> PROBLEM TO WORK ON
With the pictures left out, restate exactly the part below that opens with the line containing "- Flat Black" and closes with the line containing "Allied Brass SHM-8/2X-PNK".

> DATA FOR THIS TASK

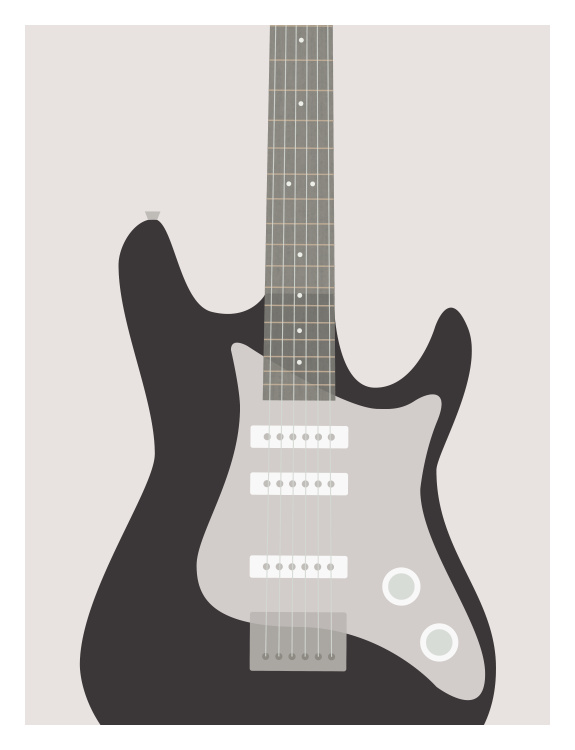 Strike the perfect chord with Electric Guitar Two Art Print, featuring a bold close-up illustration of a modern electric guitar rendered in a clean and contemporary style.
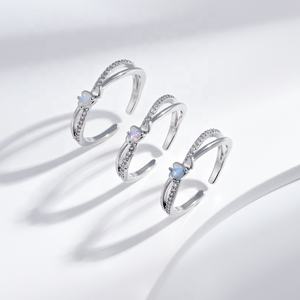 wholesale price plata 925 sterling <b>silver</b> vintage small <b>ring</b> bulk fashion wedding opening <b>opal</b> ladies stackable butterfly <b>rings</b> - Product Image 5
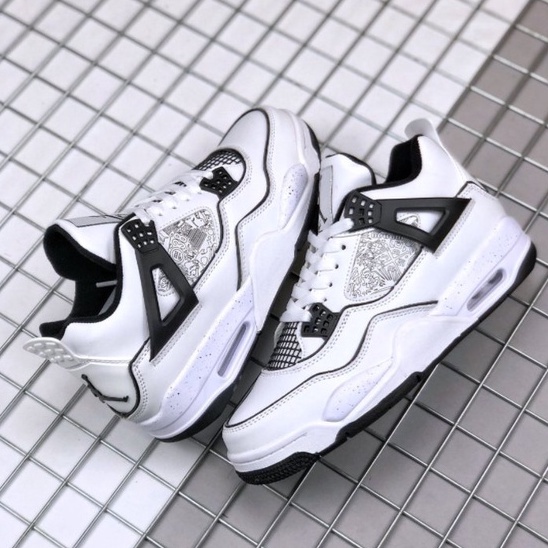 Sepatu Nike Air Jordan 4 Retro DIY White Black Putih Hitam Premium
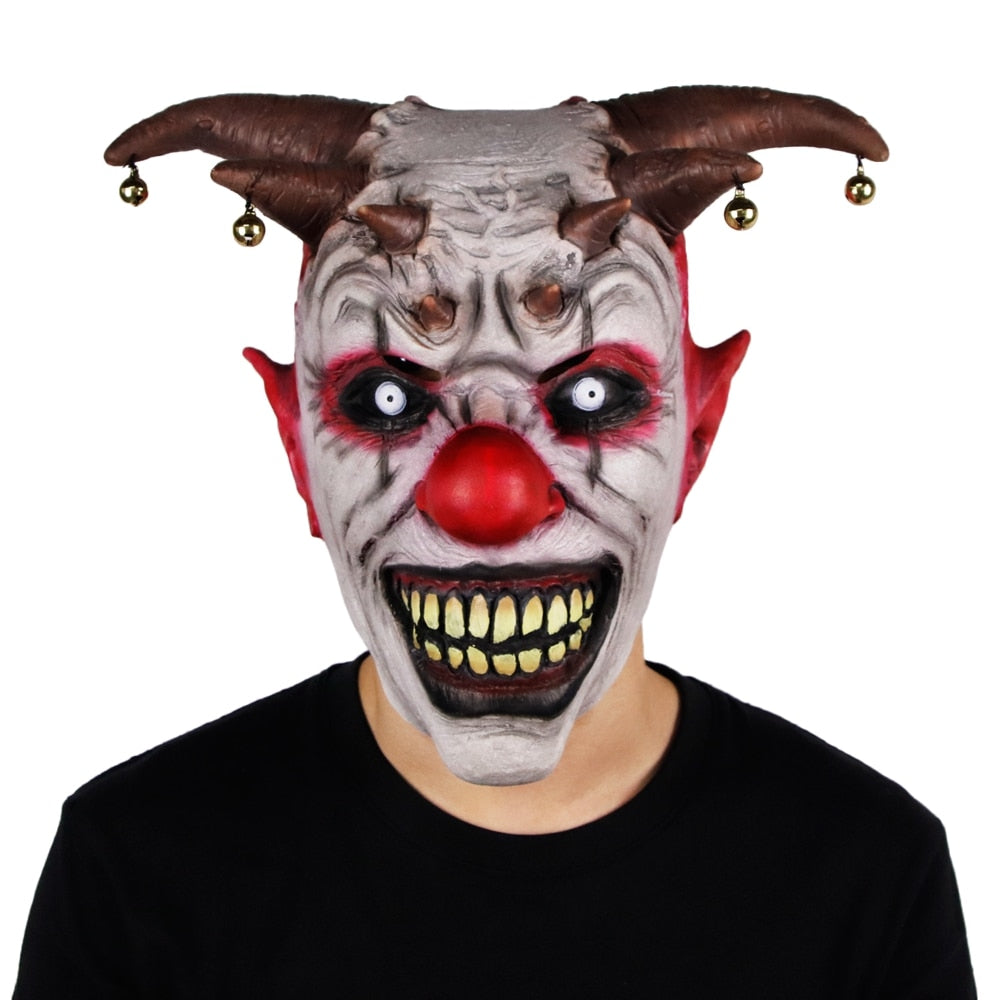 -A hellspawn demonic clown with horns tipped in bells like a jester's cap. Deluxe latex over-the-head mask. One size fits most. Free shipping from abroad. Typically arrives in 2-3 weeks to the USA. Halloween mask killer clown costume cosplay circus horror nightmare demon joker-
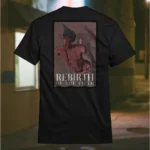 Back view of black Dark Fantasy shirt displaying a grotesque creature, seemingly being born, wriggling from its attachment rear graphic placement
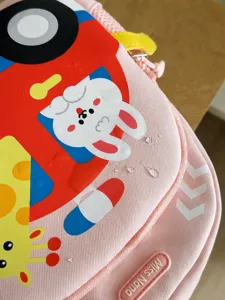 Cute pink waterproof kindergarten kids backpack for boys and girls cartoon school bag daily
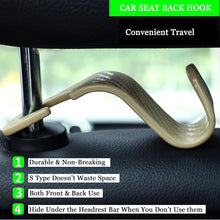 Amooca Car Seat Headrest Hook 4 Pack Hanger Storage Organizer Universal for Handbag Purse Coat fit Universal Vehicle Car Black S Type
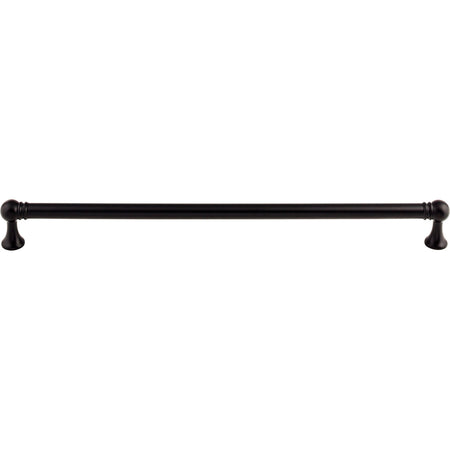 Top Knobs TK807BLK: 12" cc Kara Round Bar Cabinet Pull - Flat Black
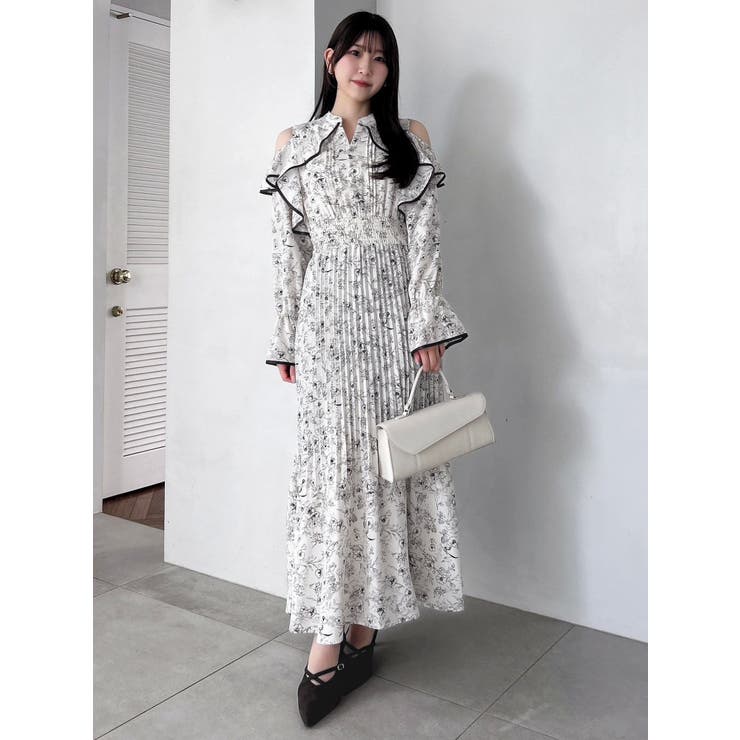 オープンショルダーフラワープリーツワンピース | dazzlin | 詳細画像20 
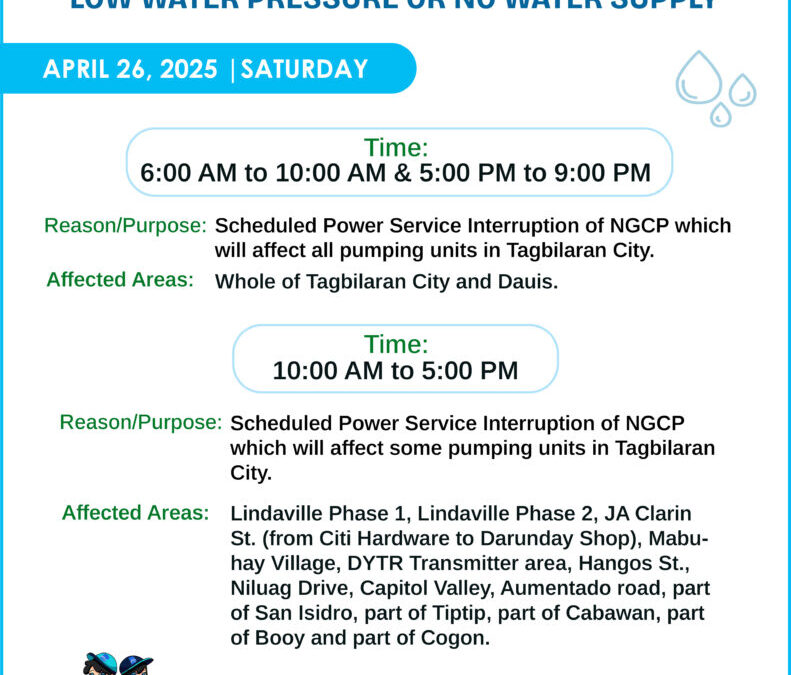 Water Service Interruption Advisory, April 26, 2025.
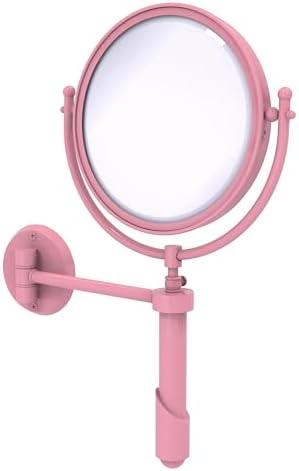 Allied Brass SHM-8/2X-PNK Soho Collection Wall Mounted Make-Up Mirror 8 Inch Diameter with 2X Magnification, Pink
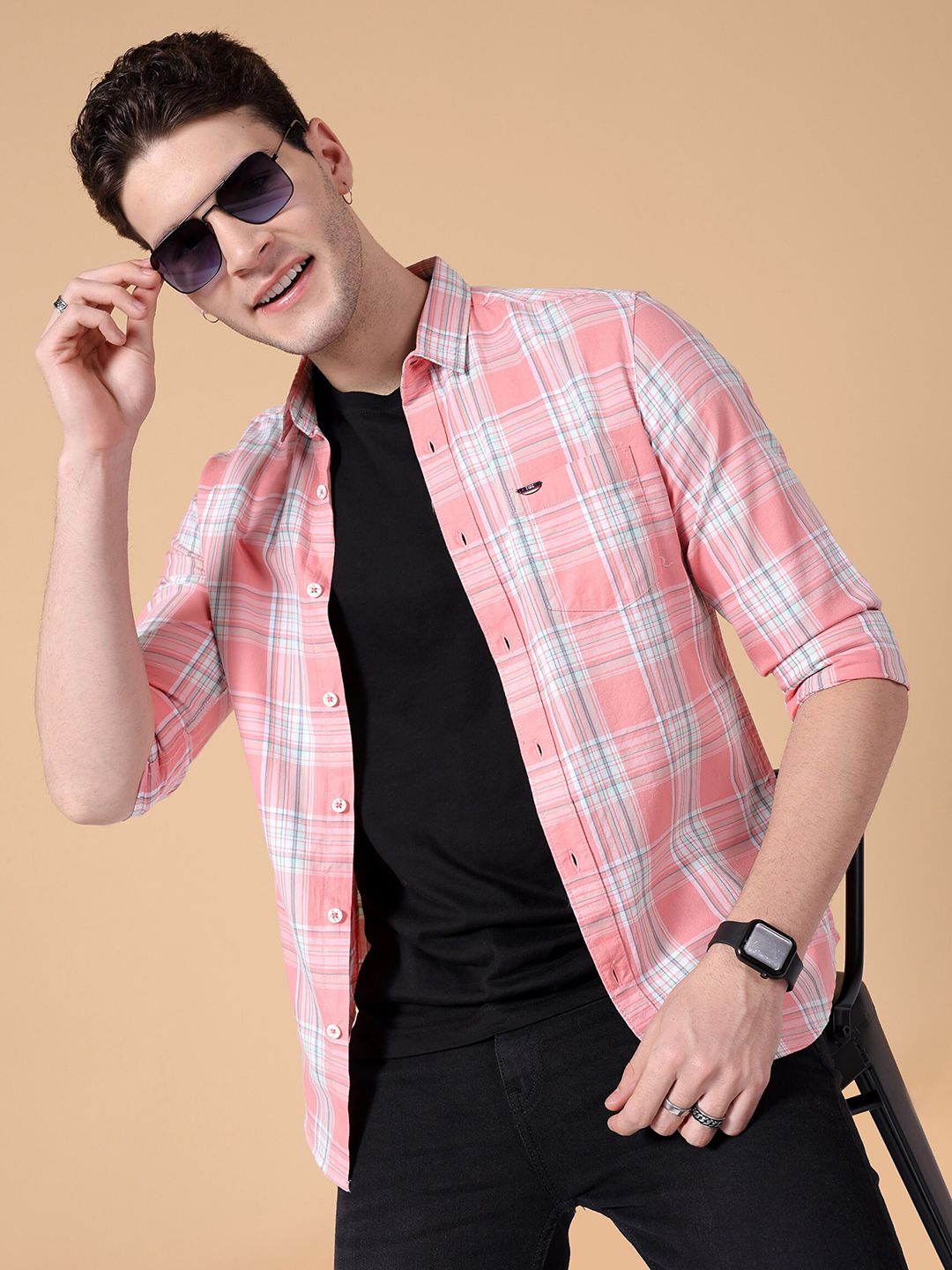 The Indian Garage Co Spread Collar Slim Fit Checked Casual Pure Cotton Shirt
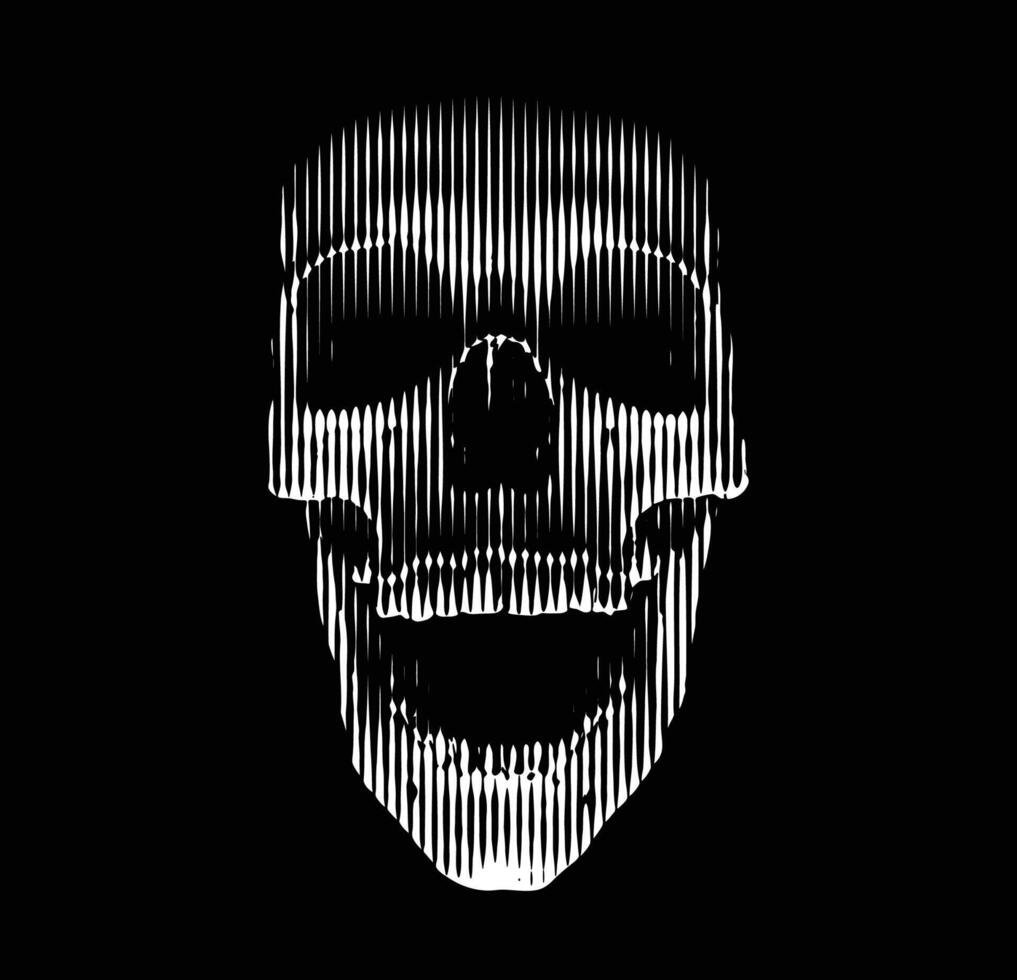vetor linha arte do uma 3d crânio com assustador iluminação a partir de abaixo. frontal visualizar, branco vertical linhas em uma Preto fundo. perfeito para dia das Bruxas e fácil gráfico retrato.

> RESPONSE
 Top Knobs TK807BLK: 12" cc Kara Round Bar Cabinet Pull - Flat Black
 オープンショルダーフラワープリーツワンピース | dazzlin | 詳細画像20 
 Water Service Interruption Advisory, April 26, 2025.
 Allied Brass SHM-8/2X-PNK Soho Collection Wall Mounted Make-Up Mirror 8 Inch Diameter with 2X Magnification, Pink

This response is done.